Frequently, the resolution of 2D images surpasses that of the corresponding 3D models. When high resolution is essential for identifying specific features, such as early-stage plant disease markers, a 2D deep learning approach may be preferable. The rich ecosystem of pre-trained model weights for 2D analysis potentially reduces the volume of data needed. Additionally, AI-enhanced analysis of 2D imagery can contribute to the refinement of the 3D model, exemplified by AI-enhanced stereovision techniques.

Conversely, 3D AI models excel when the identification of features is predominantly governed by the object’s three-dimensional structure, such as locating branch junctions, estimating growth direction, or estimating fruit volume. It’s a common strategy to integrate both 2D and 3D AI models within a singular AI pipeline, harnessing the strengths of each to achieve a comprehensive analytical framework.

2D or 3D labelling

The selection between 2D and 3D AI algorithms isn’t strictly tied to the choice of annotation tools, as annotations can be projected back and forth between 2D views and the 3D model. This decision is predominantly influenced by the ease with which humans can label the data. Labelling within 3D environments might present complexities and navigation challenges, in contrast to the more straightforward and focused approach of annotating in 2D. However, efficient 3D labelling can significantly streamline the annotation process for 2D models by enabling the generation of multiple annotated 2D views from a single 3D annotation. It can be beneficial to switch between 2D and 3D views in your labelling tool in order to use all available information to make the best annotations and verify the results of your annotation work in other views or in the 3D model.

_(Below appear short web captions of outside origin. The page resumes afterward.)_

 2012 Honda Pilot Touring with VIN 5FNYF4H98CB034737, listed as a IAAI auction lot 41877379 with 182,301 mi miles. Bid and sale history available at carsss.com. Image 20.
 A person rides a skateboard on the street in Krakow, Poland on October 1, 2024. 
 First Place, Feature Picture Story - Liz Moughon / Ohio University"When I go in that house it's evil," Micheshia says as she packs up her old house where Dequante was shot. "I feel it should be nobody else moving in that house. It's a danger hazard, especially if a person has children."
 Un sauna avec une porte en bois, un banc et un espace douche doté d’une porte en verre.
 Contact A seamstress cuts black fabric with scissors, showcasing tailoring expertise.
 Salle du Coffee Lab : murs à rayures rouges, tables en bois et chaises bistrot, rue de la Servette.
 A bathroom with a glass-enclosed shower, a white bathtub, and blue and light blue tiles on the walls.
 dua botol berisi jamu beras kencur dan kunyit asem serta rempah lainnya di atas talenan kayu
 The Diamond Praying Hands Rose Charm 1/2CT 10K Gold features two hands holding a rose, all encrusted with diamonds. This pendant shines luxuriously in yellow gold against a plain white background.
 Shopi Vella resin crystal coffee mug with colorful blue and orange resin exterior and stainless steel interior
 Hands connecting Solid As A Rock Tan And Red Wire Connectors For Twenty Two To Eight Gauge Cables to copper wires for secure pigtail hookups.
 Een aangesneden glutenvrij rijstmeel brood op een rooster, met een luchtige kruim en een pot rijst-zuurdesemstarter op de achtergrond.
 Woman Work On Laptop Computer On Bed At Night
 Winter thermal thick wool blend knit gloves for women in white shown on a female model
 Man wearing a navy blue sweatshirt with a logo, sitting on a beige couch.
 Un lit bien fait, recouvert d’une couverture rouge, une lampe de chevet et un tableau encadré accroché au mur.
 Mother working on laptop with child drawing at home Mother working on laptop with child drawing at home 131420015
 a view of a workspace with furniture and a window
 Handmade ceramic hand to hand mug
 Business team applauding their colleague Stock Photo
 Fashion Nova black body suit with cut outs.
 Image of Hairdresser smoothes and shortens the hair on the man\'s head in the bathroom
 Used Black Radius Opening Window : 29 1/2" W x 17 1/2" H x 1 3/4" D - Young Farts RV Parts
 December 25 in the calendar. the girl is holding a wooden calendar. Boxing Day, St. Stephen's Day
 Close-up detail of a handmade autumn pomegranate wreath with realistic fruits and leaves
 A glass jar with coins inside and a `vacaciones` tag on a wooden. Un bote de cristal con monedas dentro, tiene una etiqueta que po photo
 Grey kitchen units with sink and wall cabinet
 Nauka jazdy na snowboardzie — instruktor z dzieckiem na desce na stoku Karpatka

Mastering the future of Agritech

Implementing advanced vision technologies in a high-tech agri environment, like automated greenhouses or research laboratories, demands a high level of expertise. The process involves selecting the optimal vision system tailored to specific needs, configuring camera placements for maximum efficiency, and devising strategies for seamless robot-camera collaboration. Furthermore, it’s crucial to identify the most appropriate AI models and annotation techniques to ensure success.

The evolution towards AI-powered automation in agriculture is not just a luxury but a necessity. In the end, it’s about addressing tangible problems in horticulture and agriculture. Thanks to Vision AI-powered automation, agricultural tasks can be handled with precision and efficiency, ensuring an innovative, sustainable and productive future.